### PROBLEM DESCRIPTION
Output, exactly as written, the lines below from the one that has "Patrick Johnson Grey" through the one that has "Shop Ellemora Fashions"; nothing else, and no pictures.

====== DATASET RECORDS

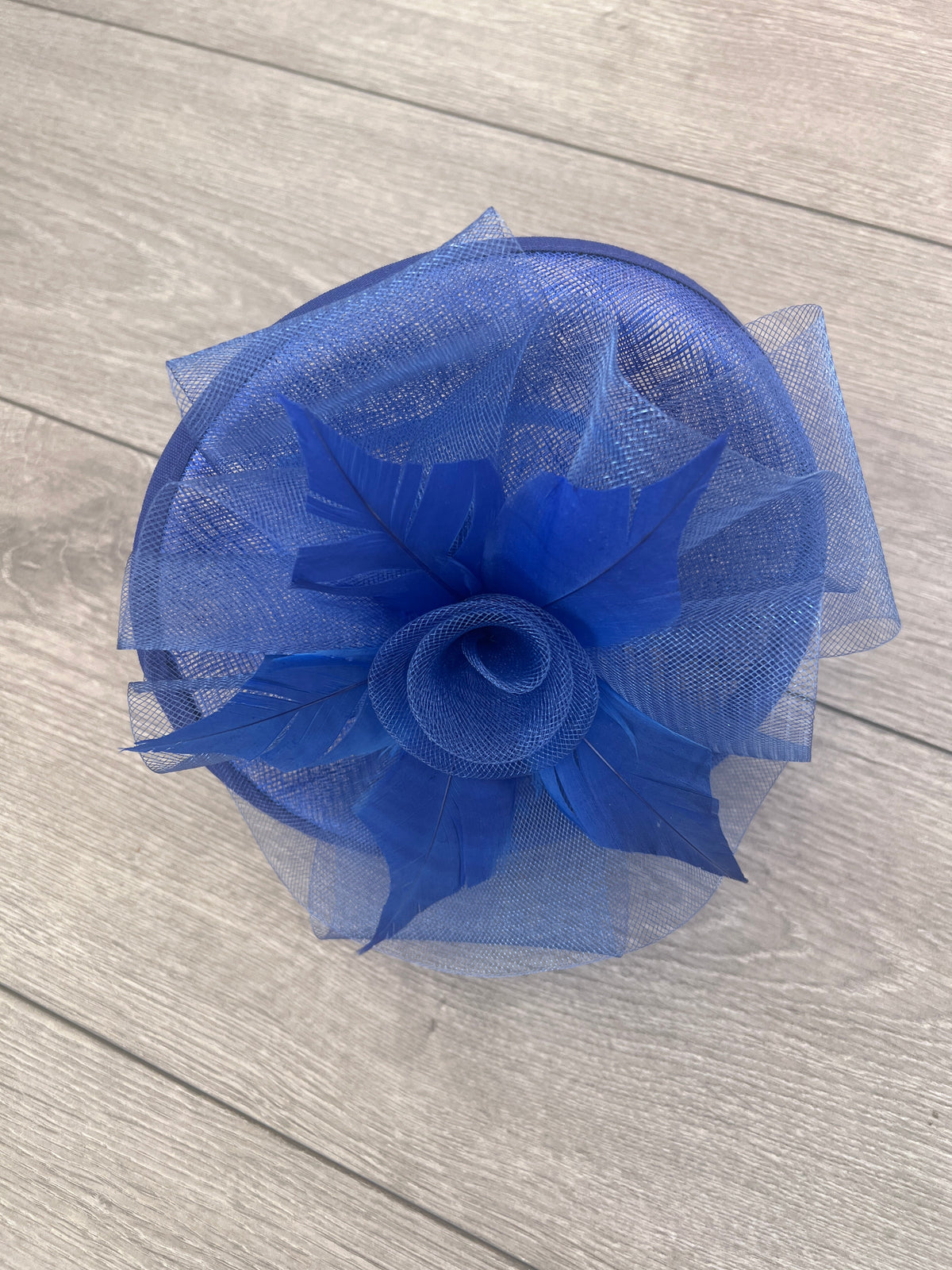 Royal Blue Pillbox Fascinator With Flower-Fascinators Direct
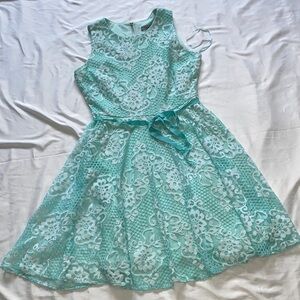 Danny & Nicole Aqua Lace Midi Dress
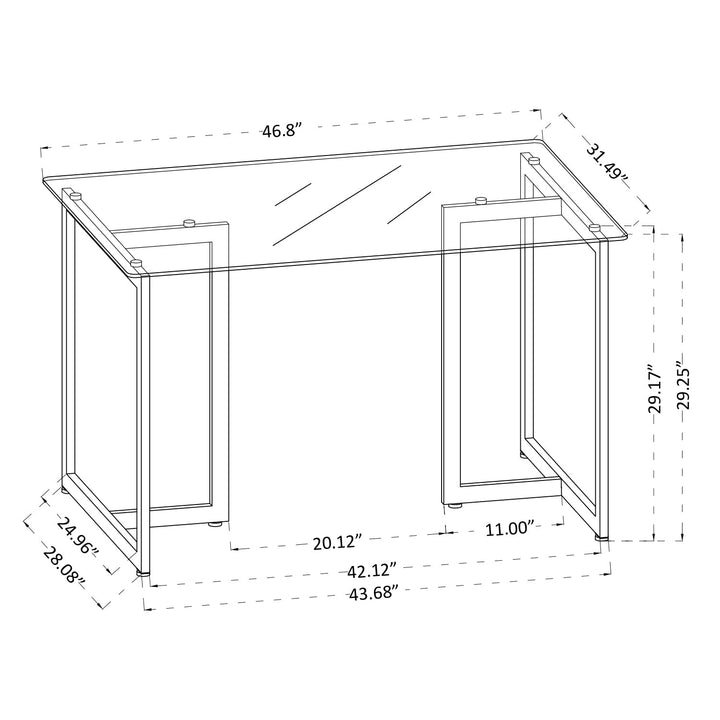 Furniture R Modern T-Legged Slip Glass Dining Table With Industrial Chic Style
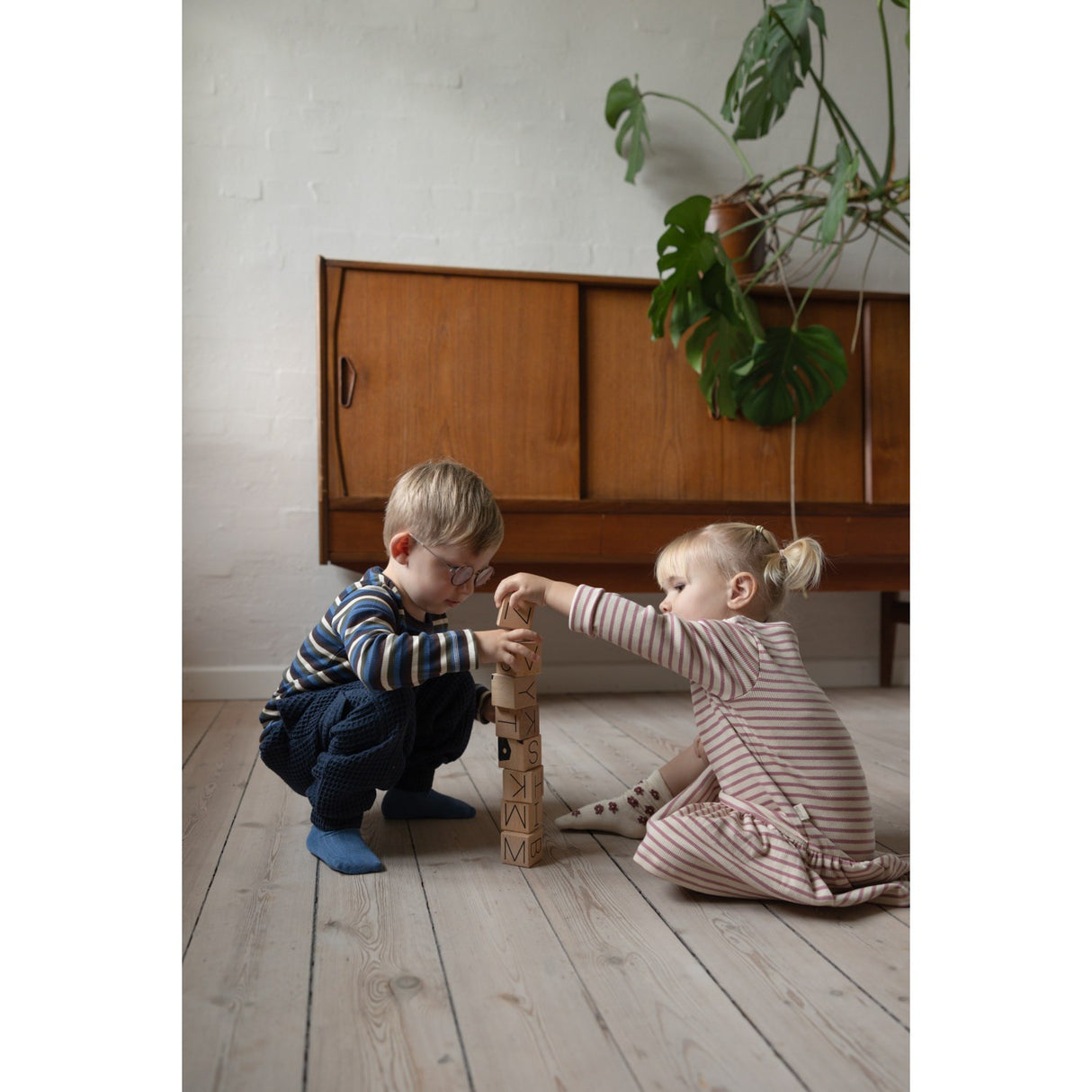 Petit Piao Nostalgic Rose/off White Klänning L/S Modal Striped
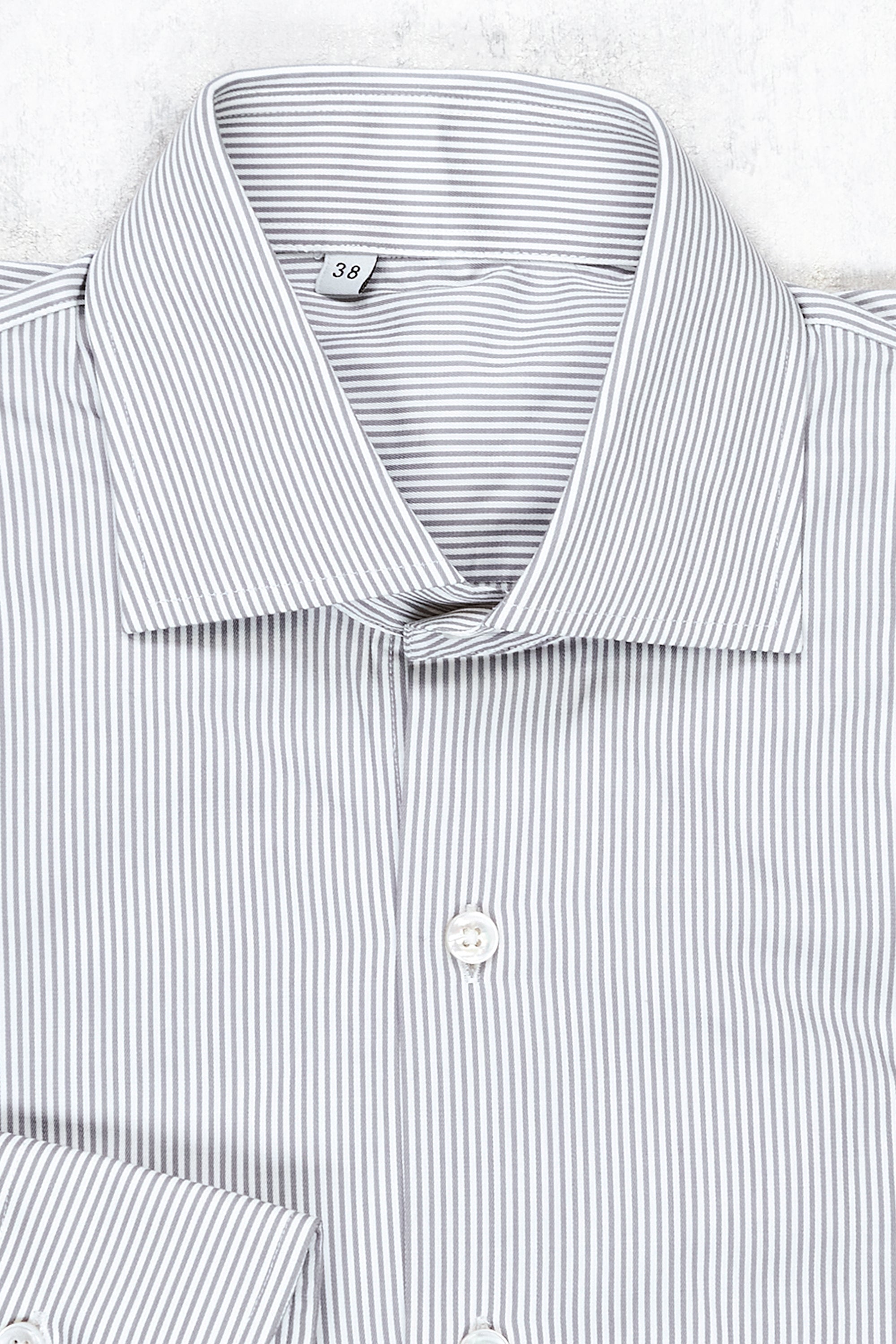 Patrick Johnson Grey Stripe Cotton Twill Chelsea Collar Shirt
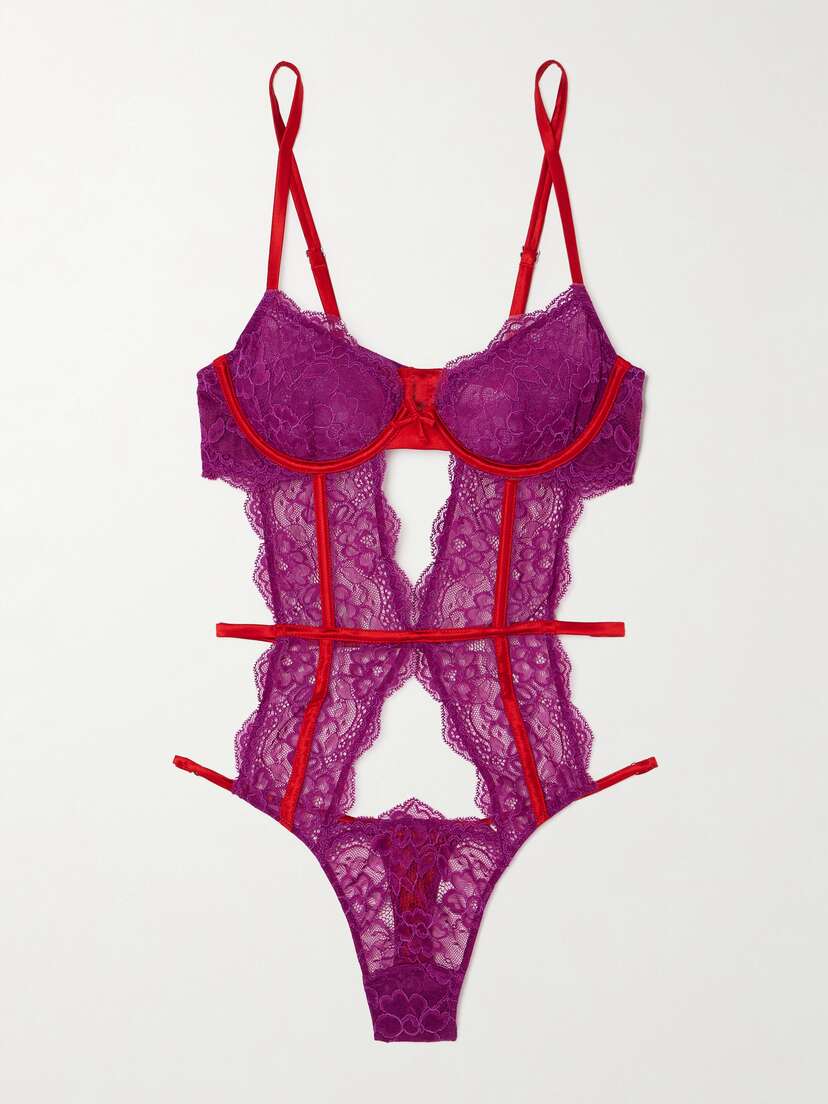 Fleur du Mal Naomi Silk-blend Satin-trimmed Cutout Stretch-lace Thong Bodysuit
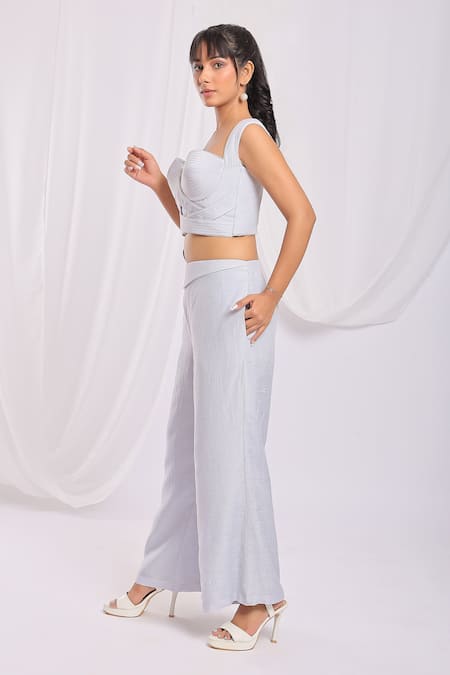 Shop Ellemora Fashions Grey Linen Textured Sweetheart Neck Corset And Palazzo Set Online at Aza Fashions Shop_Ellemora Fashions_Grey Linen Textured Sweetheart Neck Corset And Palazzo Set _Online_at_Aza_Fashions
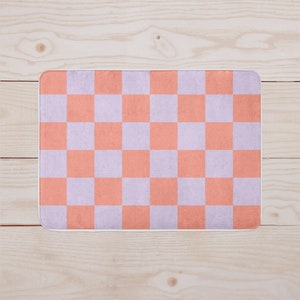 Peach and Lavender Checkered Floor Mat | Bathroom Decor | Kitchen Mat | Home Decor | Bathroom Rug | Danish Pastel | Microfiber, Non-Slip Rug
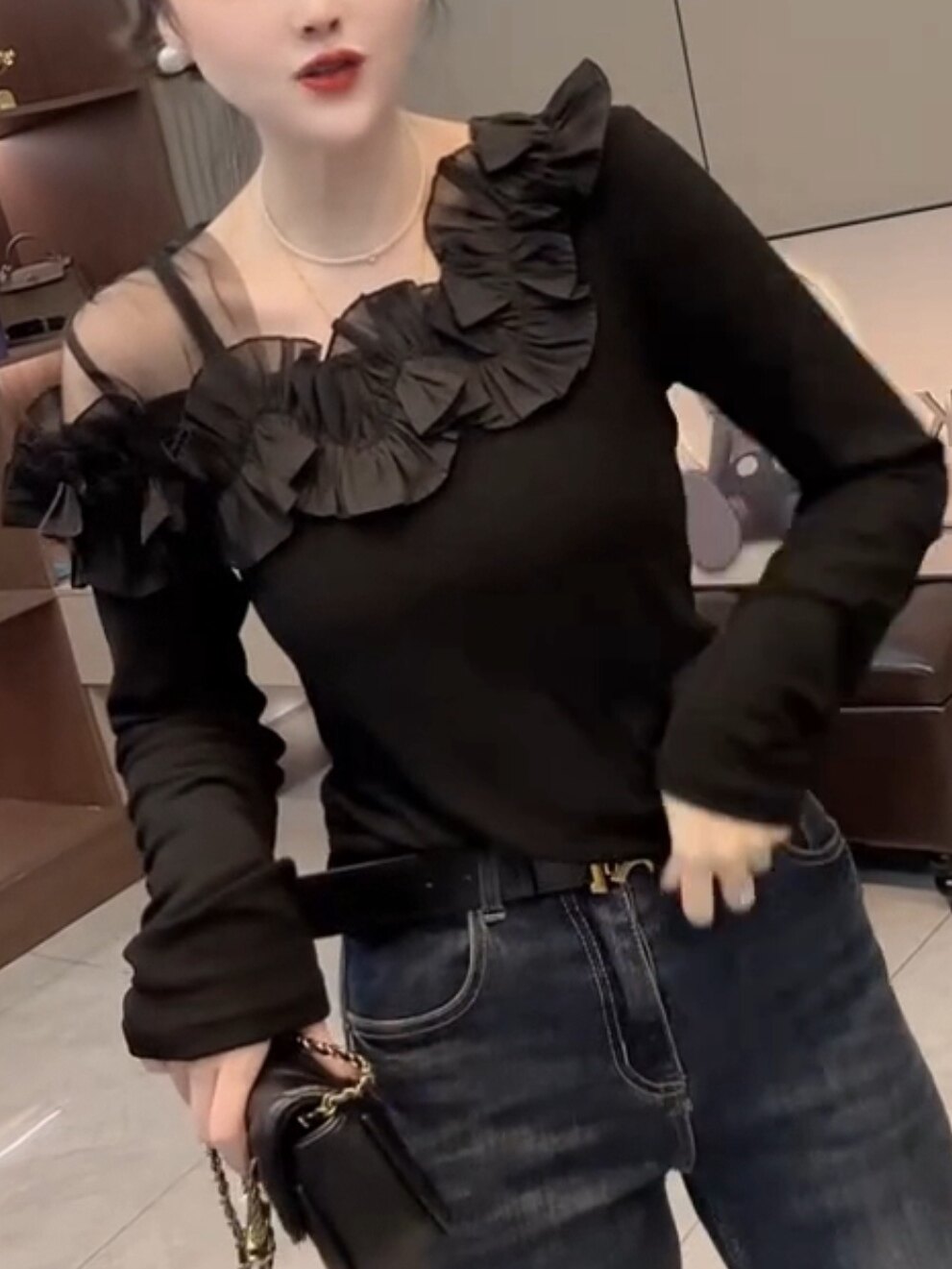 气质不规则洋气长袖上衣女秋季设计洋气百搭显瘦遮肚子女人味小衫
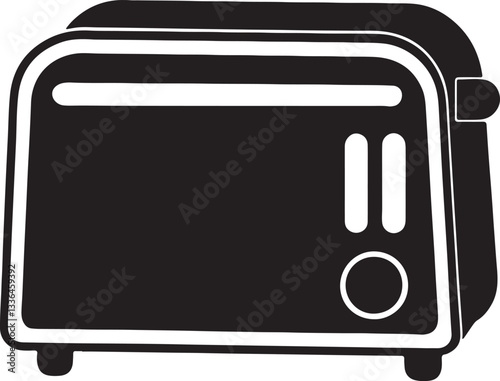 electric toaster oven silhouette, black and white silhouette, vector and illustration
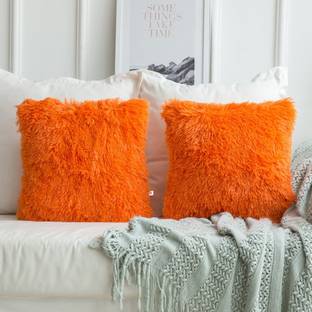 Wondershala Square pillow cushion set for sofa pillows with zipper Microfibre Solid, Geometric Cushion Pack of 2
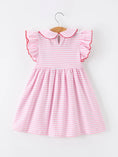 Load image into Gallery viewer, Girls Back To School Apple Applique Twirl Dress Ruffle Petal Collar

============

### SOLUTION TO THIS TASK
 Patrick Johnson Grey Stripe Cotton Twill Chelsea Collar Shirt
 Fleur du Mal Naomi Silk-blend Satin-trimmed Cutout Stretch-lace Thong Bodysuit
 Shop Ellemora Fashions Grey Linen Textured Sweetheart Neck Corset And Palazzo Set Online at Aza Fashions Shop_Ellemora Fashions_Grey Linen Textured Sweetheart Neck Corset And Palazzo Set _Online_at_Aza_Fashions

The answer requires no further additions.